La Revue des Ressources

Shipbreaking 

mardi 18 septembre 2012, par Béatrice Commengé, Pierre Torset

L’instant, c’est une lumière sur un paysage. Certains jours, à l’aube ou au crépuscule, l’or rose du ciel parvient à transformer la boue, à embraser la rouille, à cuivrer la peau. Un soleil invisible transforme le tableau. La flaque devient miroir, dans lequel se reflète le rouge de la poupe d’un cargo embourbé dans la vase, encore debout, au loin. Ce rouge jamais vu sur les flots, ce rouge anti-rouille de la coque immergée au temps de la splendeur. Splendeur délaissée, abandonnée en attente de démantèlement dans l’enfer de la boue. Ce matin, ou ce soir, l’enfer est doré. Doré comme les ghats de Bénarès face au Gange. Elaircie d’or entre deux pluies, entre deux gris – au cœur de la mort. La coque bleue du navire ne sillonnera plus jamais les océans. Exhibition du ventre avant éventration. Plus de fonction : retour à la matière, au matériau – fer, cuivre, plomb, amiante, bois, plastiques. Rendre l’objet méconnaissable à force de scier, de séparer, de détruire. Au premier plan, dorés par le rayon, l’homme qui démantèle et le navire démantelé. Tous deux pris dans la vase. Une carcasse informe, amas de ferraille pointée vers le ciel pur. L’homme tente d’avancer, enfoncé dans la boue presque jusqu’aux genoux. Minuscule. Il s’éloigne, s’éloigne de cette carcasse, de cette gigantesque plaie rouillée, comme une gueule ouverte prête à l’engloutir. Demain, dans le tableau, rien n’aura bougé. Seule la lumière sera autre.

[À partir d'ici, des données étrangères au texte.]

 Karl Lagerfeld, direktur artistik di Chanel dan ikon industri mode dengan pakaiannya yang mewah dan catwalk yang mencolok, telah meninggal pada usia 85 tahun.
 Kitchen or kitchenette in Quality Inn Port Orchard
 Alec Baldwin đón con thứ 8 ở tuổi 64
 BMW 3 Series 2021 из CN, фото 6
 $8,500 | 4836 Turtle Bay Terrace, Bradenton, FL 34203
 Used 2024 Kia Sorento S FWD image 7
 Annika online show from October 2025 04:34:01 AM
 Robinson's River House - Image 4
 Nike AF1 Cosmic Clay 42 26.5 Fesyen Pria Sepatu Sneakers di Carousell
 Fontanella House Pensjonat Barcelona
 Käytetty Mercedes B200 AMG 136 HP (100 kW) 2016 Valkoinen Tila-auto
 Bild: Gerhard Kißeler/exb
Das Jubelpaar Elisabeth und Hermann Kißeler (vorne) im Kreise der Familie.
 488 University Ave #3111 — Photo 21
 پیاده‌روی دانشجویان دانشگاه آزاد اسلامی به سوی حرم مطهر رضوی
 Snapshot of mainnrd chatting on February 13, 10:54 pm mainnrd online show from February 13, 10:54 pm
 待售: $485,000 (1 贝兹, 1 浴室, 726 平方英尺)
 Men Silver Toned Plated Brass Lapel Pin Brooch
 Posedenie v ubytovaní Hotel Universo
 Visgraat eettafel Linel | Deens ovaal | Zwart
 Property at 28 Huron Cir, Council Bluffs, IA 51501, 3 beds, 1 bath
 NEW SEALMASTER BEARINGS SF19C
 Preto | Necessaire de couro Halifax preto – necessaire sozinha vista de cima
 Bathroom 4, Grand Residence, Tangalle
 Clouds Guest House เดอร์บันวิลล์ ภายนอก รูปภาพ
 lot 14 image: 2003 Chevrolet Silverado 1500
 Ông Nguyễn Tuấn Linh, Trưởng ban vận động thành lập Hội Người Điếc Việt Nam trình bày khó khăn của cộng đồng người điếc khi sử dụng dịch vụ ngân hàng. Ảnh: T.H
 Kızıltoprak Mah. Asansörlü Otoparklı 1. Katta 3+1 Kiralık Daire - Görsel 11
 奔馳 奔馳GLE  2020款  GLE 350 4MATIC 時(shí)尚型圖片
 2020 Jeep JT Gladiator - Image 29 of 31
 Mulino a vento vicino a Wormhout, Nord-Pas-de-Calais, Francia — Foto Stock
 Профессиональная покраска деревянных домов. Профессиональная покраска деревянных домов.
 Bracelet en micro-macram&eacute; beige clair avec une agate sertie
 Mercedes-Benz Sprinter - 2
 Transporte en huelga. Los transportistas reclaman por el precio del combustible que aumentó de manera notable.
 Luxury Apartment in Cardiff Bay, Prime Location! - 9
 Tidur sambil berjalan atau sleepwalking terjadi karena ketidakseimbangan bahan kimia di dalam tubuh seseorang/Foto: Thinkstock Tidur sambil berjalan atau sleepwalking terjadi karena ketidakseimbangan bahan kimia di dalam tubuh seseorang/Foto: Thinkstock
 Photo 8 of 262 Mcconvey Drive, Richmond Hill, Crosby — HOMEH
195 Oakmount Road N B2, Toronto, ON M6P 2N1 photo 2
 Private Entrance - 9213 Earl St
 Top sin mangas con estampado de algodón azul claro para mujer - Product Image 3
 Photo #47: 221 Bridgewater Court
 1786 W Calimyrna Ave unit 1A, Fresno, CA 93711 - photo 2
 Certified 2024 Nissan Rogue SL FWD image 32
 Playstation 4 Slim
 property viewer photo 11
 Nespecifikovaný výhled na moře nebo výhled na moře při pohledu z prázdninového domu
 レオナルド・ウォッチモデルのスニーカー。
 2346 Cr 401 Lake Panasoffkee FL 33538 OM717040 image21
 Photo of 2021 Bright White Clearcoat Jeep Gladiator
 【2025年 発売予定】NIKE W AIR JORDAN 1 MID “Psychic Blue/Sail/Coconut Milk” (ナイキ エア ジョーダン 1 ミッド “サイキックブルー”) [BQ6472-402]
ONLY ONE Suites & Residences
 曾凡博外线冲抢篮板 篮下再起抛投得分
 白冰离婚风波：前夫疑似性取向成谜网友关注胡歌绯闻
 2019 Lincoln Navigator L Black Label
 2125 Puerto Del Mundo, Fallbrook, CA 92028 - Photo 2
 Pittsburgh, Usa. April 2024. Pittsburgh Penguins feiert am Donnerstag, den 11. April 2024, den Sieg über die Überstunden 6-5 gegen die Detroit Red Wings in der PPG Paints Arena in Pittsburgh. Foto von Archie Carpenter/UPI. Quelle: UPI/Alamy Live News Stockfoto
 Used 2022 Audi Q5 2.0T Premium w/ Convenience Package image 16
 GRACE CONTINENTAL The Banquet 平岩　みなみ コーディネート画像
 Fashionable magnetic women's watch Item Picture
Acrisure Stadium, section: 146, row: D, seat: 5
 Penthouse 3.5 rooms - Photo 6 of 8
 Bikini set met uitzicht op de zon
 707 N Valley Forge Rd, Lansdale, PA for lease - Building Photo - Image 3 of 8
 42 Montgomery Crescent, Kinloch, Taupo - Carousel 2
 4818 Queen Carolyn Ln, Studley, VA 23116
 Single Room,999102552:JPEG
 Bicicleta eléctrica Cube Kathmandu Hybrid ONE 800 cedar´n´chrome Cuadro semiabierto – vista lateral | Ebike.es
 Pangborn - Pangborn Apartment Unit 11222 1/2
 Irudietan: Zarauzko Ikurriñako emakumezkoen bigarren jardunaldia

Et ce sera un autre instant.

Béatrice Commengé

<galleria2357|lightbox=true>

Les chantiers de démolition navale (shipbreaking yards) basés au Bangladesh ou en Inde constituent une industrie controversée. Autrefois concentrés dans les pays développés, la destruction et le recyclage de bateaux étaient considérés comme des opérations délicates et hautement spécialisées. Mais en vue de minimiser les coûts, les pétroliers et cargos en fin de vie furent envoyés à partir des années 80 sur les plages du Pakistan, de l’Inde (Alang) et du Bangladesh à Chittagong, où les salaires et les normes de travail, de sécurité, et de protection de la santé sont considérablement réduits. L’impact économique positif pour le Bangladesh de ces chantiers de démolition de bateaux est donc largement contrebalancé par les violations des Droits de l’Homme et du travail, et par la pollution environnementale engendrée sur ces chantiers.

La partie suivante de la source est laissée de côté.